■ EXERCISE INPUT:
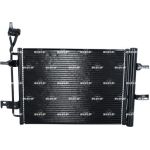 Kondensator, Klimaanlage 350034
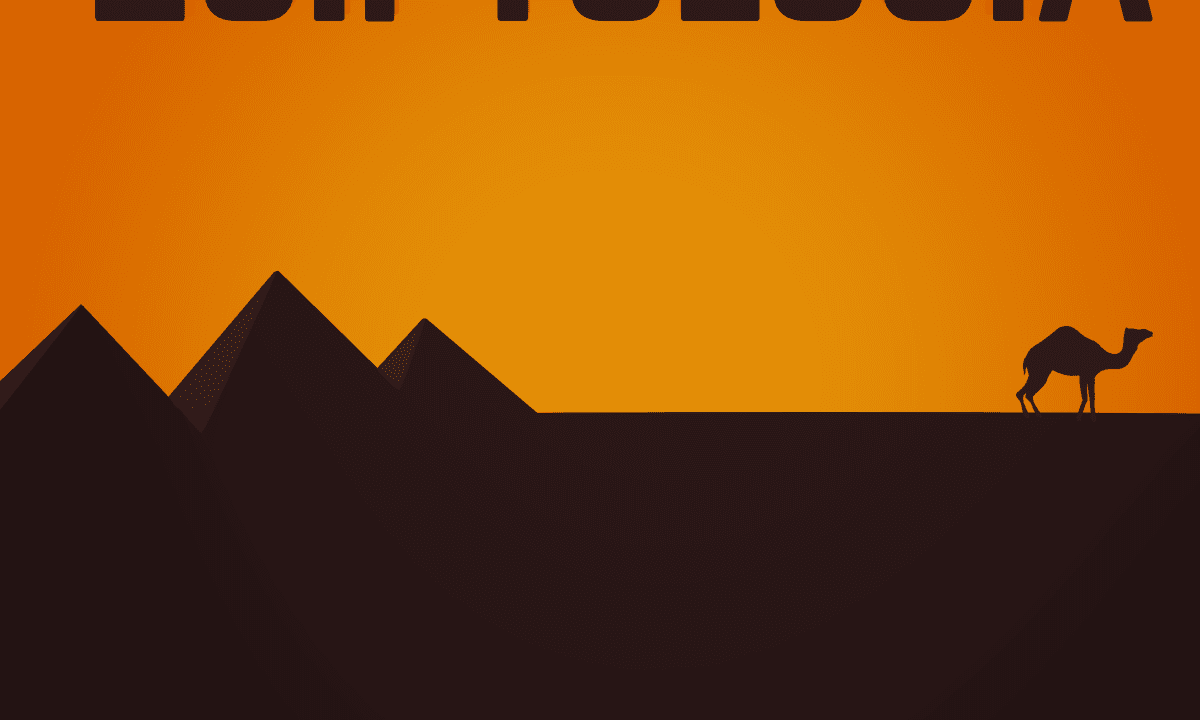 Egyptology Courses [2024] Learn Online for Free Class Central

* * *

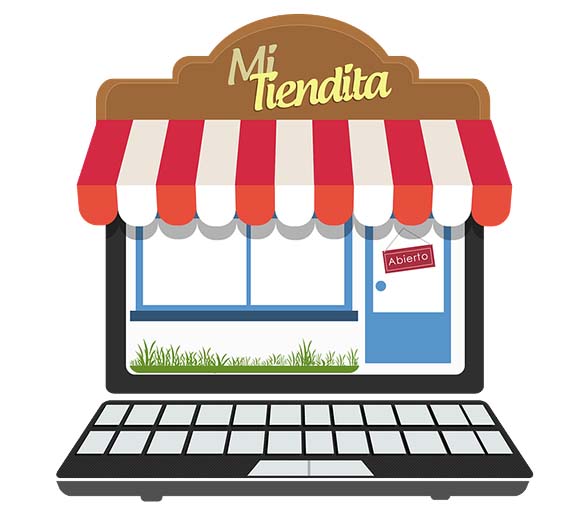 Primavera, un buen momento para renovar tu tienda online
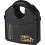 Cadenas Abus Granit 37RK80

...

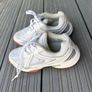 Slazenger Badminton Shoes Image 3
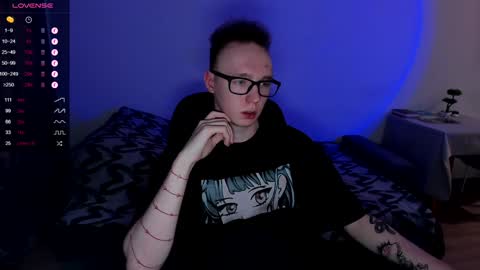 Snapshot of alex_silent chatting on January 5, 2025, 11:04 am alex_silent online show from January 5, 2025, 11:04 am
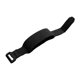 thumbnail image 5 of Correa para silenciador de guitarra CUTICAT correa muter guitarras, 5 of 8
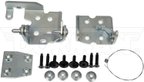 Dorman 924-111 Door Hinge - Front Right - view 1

■ EXERCISE INSTRUCTIONS:
Look above and copy only the lines from the one holding "Snapshot of alex_silent" to the one holding "Dorman 924-111 Door", both included, exactly, minus the pictures.

■ RESPONSE TO THE TASK:
 Snapshot of alex_silent chatting on January 5, 2025, 11:04 am alex_silent online show from January 5, 2025, 11:04 am
 thumbnail image 5 of Correa para silenciador de guitarra CUTICAT correa muter guitarras, 5 of 8
 Dorman 924-111 Door Hinge - Front Right - view 1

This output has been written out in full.